Turning a blind eye to any red flags might result in a breach of the board’s fiduciary duty.

Setting Direction and Policy

There are many important questions boards should ask of their professional staff and independent advisors to appropriately set direction and policy for the system.  The questions range from what are the key decisions and who gets to who makes them; what are the organization’s top priorities; what is the highest and best use of the board’s limited time; how often will progress be reported; how does the board know if the information they receive is trustworthy, timely, and reliable; and who is accountable? The board should seek diversity of opinion and understand the options available and the related pros and cons to be in the best position to make an informed decision.  Those decisions need to provide unified and clear direction to the staff and key stakeholders.

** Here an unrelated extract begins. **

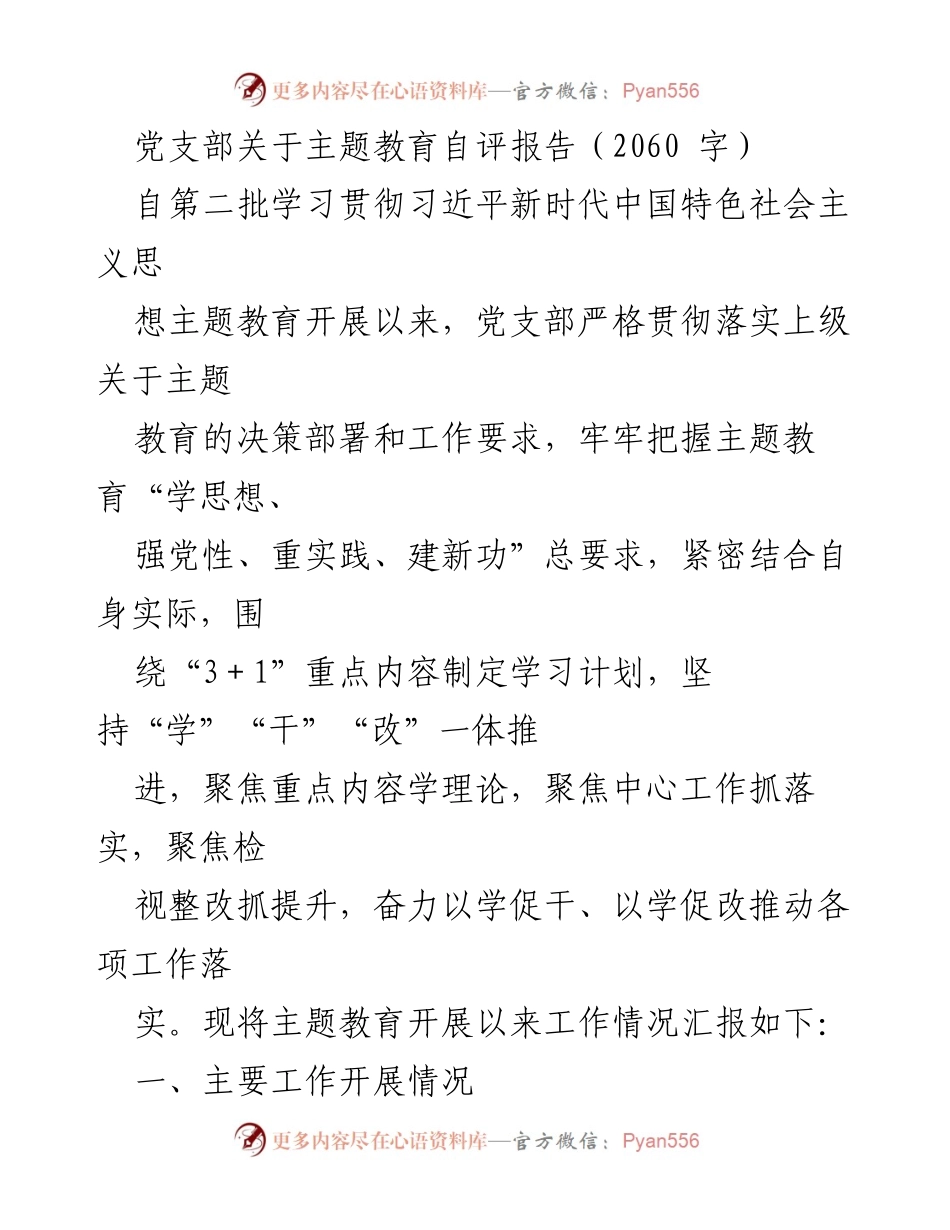[发言] 党支部主题教育 - 党支部主题教育自评报告总结.docx_第1页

To Delegate or Not to Delegate: An Evolution

Since the mid-1800s until the 1990s, the standard for pension plan boards was the “prudent man or prudent person” rule, which limited the authority of the fiduciary to delegate.  Since the 1990s, the “prudent expert” rule has become more pervasive, in part, as the result of rising expectations of system investment performance and the growing need to rely on professional staff and external investment experts.  The board’s role, however, remains one of oversight, not close supervision or involvement in day-to-day management.  In fact, the most effective boards operating under the “prudent expert” or “prudent investor” standard are those that delegate to the Chief Executive after first establishing robust processes for selection, oversight, and independent verification.

Questions to Help Measure the Efficacy of the Board

  • Do fiduciaries have sufficient authority to carry out their fiduciary duties?  Sometimes the power over matters such as operating budgets and capital expenditures, the types of permissible investments, the setting of expected rates of return, and staff compensation remain within the purview of legislative bodies.  This can limit the board’s ability to help the system adapt to changing circumstances.

  • How well do trustees engage and function as a team?  Factions of board members can undermine the ability of the board as a whole to impartially represent all beneficiaries when making decisions.

  • Is there a unified direction from the board to the staff?  At the staff level, conflicting direction from the board and unclear authorities can create extra work, increase time spent preparing for and participating in meetings, and cause confusion, delay, and demoralization.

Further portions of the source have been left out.